Incidents/2023-01-24 sessionstore quorum issues

From Wikitech

document status: final

Summary

Incident metadata (see Incident Scorecard)
Incident ID 2023-01-24 sessionstore quorum issues Start 20:55
Task T327815 End 21:15
People paged 5 Responder count 6
Coordinators Brett Cornwall Affected metrics/SLOs No SLO exists. centrallogin and session loss metrics spiked as a result
Impact Wikipedia's session storage suffered an outage of about 15 minutes (eqiad). This caused users to be unable to log in or edit pages.

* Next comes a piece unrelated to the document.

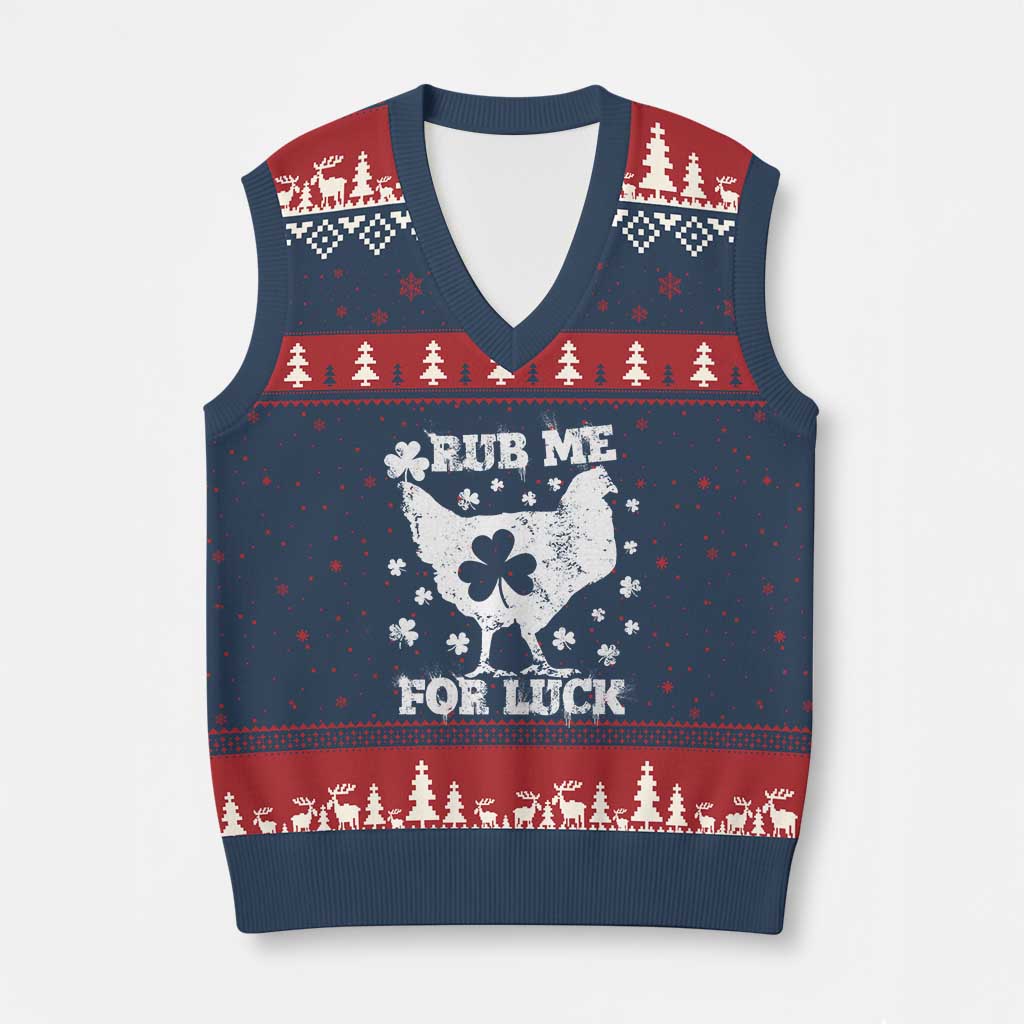 Funny St Patricks Day V-Neck Knit Sweater Vest Rub Me For Luck Shamrock Irish Cock Chicken TS02 Navy Red Print Your Wear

Session storage is provided by an HTTP service (Kask) that uses Cassandra for persistence. As part of routine maintenance, one of the Cassandra hosts in eqiad (sessionstore1001) was rebooted. While the host was down, connections were removed (de-pooled) by Kask, and requests rerouted to the remaining two, as expected. However, once the host rejoined the cluster, clients that selected sessionstore1001 as coordinator encountered errors (an inability to achieve LOCAL_QUORUM consistency).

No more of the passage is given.